◆ **ACTION ITEM**
Write only the number of lines in the data that contain the word "furniture".

[Saved entries]
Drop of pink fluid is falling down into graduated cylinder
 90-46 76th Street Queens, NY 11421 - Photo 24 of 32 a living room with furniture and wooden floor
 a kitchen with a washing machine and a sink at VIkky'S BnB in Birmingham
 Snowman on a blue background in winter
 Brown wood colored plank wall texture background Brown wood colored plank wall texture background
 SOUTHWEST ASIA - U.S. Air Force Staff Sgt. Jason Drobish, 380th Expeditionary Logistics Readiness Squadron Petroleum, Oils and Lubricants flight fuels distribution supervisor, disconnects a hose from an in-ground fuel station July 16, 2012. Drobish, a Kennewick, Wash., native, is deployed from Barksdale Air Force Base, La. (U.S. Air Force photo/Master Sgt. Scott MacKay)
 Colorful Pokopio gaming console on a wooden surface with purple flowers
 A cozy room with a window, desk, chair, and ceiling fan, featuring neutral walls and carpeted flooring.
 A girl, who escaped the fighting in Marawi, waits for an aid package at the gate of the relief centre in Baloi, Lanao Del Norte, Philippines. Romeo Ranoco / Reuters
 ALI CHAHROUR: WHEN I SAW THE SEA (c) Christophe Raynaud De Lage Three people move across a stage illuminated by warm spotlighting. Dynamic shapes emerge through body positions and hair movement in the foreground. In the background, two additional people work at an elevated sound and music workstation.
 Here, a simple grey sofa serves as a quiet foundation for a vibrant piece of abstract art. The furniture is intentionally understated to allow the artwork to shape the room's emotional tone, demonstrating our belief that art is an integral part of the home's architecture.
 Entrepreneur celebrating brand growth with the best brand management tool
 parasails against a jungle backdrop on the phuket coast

◆ **RESPONSE TO THIS EXERCISE**
2